Delmag's "clean" hammers incorporate a new high-efficiency combustion chamber and filtration system and a return system for fuels and oils. The new filter system dampens explosion and exhaust noises by up to 50 percent. "I believe the industry will move to the new clean hammer," Dittmeier said. "The clean hammer will filter out grease and smoke and capture it, which is important when you are working in an environmentally sensitive area, such as near water. And there's an added environmental benefit to the filtration system: The 'clean' hammers are considerably quieter."
Wide Range of Quality Products
With 65 years of diesel hammer experience behind it, Delmag has built more than 12,000 hammers, which are used worldwide. The company is known for its wide
range of products, from machines suited for driving fence posts to the nearly half-million ft.lbs. delivered by the D200. "Delmag offers a range that will suit whatever a contractor needs," Dittmeier said, noting that the most popular sellers at Hammer & Steel are the D12 to the D62-the models ranging from 31,000 ft.lbs. to 164,000 ft.lbs per blow.

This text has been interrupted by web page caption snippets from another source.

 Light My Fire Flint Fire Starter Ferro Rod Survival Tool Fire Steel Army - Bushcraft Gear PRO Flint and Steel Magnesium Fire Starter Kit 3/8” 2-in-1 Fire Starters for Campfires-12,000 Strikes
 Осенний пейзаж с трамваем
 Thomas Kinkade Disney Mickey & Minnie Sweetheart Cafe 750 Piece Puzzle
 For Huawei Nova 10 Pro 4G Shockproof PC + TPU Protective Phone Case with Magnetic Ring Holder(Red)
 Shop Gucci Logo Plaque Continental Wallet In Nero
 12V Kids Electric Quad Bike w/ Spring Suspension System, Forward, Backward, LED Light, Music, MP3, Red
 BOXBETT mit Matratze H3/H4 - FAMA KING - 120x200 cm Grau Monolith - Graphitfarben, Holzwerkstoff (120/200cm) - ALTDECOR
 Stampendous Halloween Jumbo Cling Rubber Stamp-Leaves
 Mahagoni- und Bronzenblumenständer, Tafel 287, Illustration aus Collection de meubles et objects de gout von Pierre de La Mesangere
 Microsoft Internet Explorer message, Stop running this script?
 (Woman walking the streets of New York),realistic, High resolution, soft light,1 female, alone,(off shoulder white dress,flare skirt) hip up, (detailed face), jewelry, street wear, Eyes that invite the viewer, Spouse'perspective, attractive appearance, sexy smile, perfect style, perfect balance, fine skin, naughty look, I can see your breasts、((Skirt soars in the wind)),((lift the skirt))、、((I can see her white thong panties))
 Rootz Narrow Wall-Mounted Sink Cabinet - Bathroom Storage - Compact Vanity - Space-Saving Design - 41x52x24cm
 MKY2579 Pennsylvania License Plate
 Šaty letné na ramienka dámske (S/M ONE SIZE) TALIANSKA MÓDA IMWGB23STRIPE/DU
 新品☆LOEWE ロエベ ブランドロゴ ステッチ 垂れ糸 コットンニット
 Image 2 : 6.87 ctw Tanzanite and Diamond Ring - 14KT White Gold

Quality is a major selling factor. "A Delmag diesel hammer is productive, reliable, and it holds its value," said Dittmeier. "That stems from the quality construction Delmag is known for. You can look at it and see its quality. Even the castings are outstanding. They are produced at a foundry that exclusively produces for Delmag."
Hammer & Steel has been selling Delmag hammers for more than a decade, but the relationship goes even deeper, "My partner and I feel so strongly about the product that we have invested in the company," commented Dittmeier, noting that they own 25 percent of the German corporation.